Expansion across Canada and the United States (as Fanny Farmer Candy Stores) soon made them rich. While this allowed Mr. O'Connor to buy Maryvale Farm, which was named after their daughter, and to support political campaigns (for which Mackenzie King named him to the Senate in 1934), it also gave him a lifetime to "pay it forward" with many charitable acts.

In another photo album, a more recent yet equally inspiring story of efforts by the O'Connor Irish Heritage House group: fundraising days at the ball game and racetrack, the construction of a parade float modelled on the house, garden parties, Celtic events and even the production of a colouring book for children. So many new memories generated in so short a time; how many more could be created if the OCIHH had a headquarters for all this energy?

If the house does become that conduit, Ms. Fay promises it won't be at the exclusion of non-Irish members of the community. As she points to photographs of happy, multicultural faces engaged in some serious Irish dancing, she talks of a survey that has just been delivered to 7,000 area households asking for programming suggestions. With heritage houses in short supply in suburbia, not only should recipients fill these out and return them (or do it online at ), they should jump at the opportunity to be involved with local history, if only to muzzle downtownies who lay claim to heritage bragging rights.

However, multiple deadlines loom. "We've got a time problem here," says Ms. Fay as she looks up at a gaping hole in the home's soffit and another beside the back door. "The longer this is not repaired, it's going to deteriorate."

And the longer repairs are put on hold, she adds, the more inflation will take a bigger bite out of her budget, which is itself facing a deadline. While the group has raised a fair bit of money and is working with many government officials (including Finance Minister Jim Flaherty and Toronto Councillor Denzil Minnan-Wong) to arrange for grants, it is still a long way from the $250,000 hurdle it must clear before the school board will hand over the keys. After Dec. 31, the board won't hand them over at all.

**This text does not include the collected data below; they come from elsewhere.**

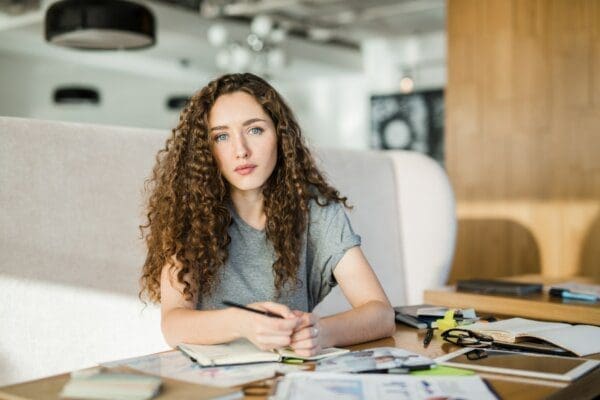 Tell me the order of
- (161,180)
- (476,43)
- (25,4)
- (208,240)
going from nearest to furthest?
(208,240)
(161,180)
(476,43)
(25,4)

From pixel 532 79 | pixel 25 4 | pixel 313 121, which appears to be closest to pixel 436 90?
pixel 313 121

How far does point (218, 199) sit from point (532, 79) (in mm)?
3132

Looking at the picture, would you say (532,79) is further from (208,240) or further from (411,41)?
(411,41)

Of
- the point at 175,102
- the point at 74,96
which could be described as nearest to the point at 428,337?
the point at 74,96

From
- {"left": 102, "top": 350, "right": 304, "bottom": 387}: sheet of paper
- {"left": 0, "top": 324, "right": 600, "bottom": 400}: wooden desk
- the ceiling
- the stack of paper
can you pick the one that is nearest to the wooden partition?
{"left": 0, "top": 324, "right": 600, "bottom": 400}: wooden desk

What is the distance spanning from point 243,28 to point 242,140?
901 cm

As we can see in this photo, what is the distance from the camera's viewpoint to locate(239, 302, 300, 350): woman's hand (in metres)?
1.28

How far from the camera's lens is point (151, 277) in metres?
1.80

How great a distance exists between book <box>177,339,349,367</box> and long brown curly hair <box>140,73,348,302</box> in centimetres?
27

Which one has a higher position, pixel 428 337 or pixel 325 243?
pixel 325 243

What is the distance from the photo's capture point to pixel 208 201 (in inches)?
69.0

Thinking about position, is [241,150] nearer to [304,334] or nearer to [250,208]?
[250,208]

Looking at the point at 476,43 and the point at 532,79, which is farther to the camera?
the point at 476,43

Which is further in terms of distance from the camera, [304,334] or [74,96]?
[74,96] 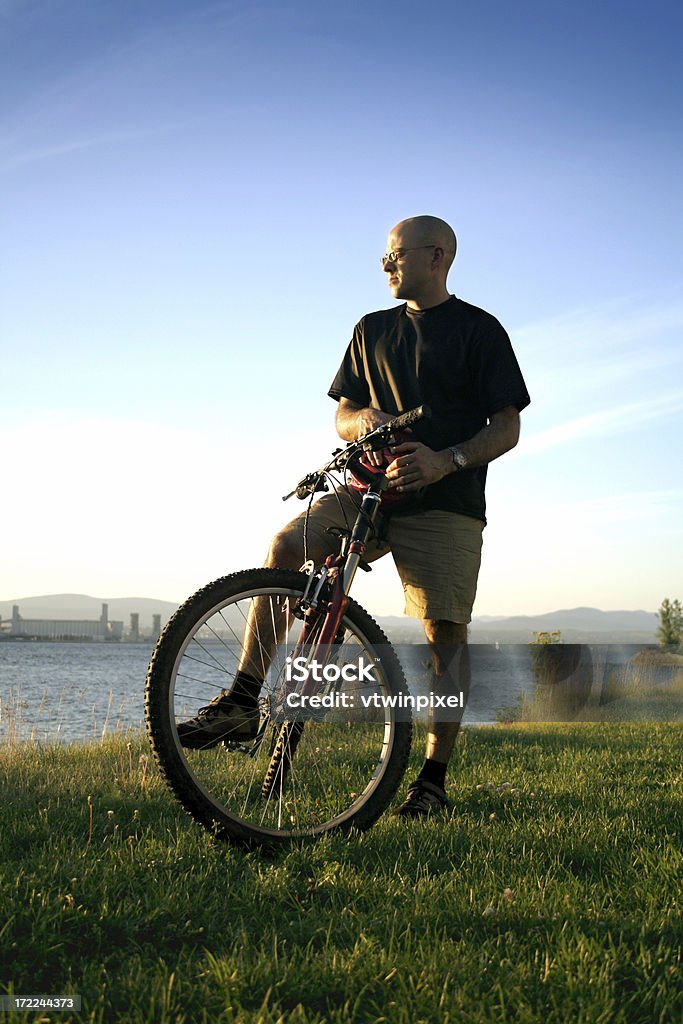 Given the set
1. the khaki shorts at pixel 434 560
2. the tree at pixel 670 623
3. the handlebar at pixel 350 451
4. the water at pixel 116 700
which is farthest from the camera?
the tree at pixel 670 623

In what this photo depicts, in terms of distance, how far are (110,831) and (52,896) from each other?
3.26ft

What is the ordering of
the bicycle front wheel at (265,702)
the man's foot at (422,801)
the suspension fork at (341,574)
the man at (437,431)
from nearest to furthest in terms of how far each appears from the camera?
the bicycle front wheel at (265,702), the suspension fork at (341,574), the man's foot at (422,801), the man at (437,431)

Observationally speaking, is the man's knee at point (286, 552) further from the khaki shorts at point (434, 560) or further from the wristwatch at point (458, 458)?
the wristwatch at point (458, 458)

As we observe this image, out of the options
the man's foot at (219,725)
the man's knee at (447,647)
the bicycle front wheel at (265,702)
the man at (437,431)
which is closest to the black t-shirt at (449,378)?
the man at (437,431)

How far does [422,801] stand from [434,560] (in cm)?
115

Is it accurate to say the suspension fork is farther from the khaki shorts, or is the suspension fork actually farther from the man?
the khaki shorts

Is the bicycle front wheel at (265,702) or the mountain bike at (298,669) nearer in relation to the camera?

Despite the pressure, Ms. Fay says she wouldn't trade this experience for the world. "I came alive with this project," she says with an infectious giggle. "If, over the last three years, we stopped when everyone said, 'It's too much, it's too big, you're never gonna do it,' you know, you can't listen to that.

"This has become too important, because we discovered the Frank O'Connor story out of doing this ... and to bring it to youth, to give them something to be inspired by, so that we don't have anger, we don't have no goals, that was part of what I saw here."

Right now, the only way to uncover those windows and allow the O'Connor Maryvale estate to come alive with light, laughter and learning is, quite frankly, to open our pocketbooks.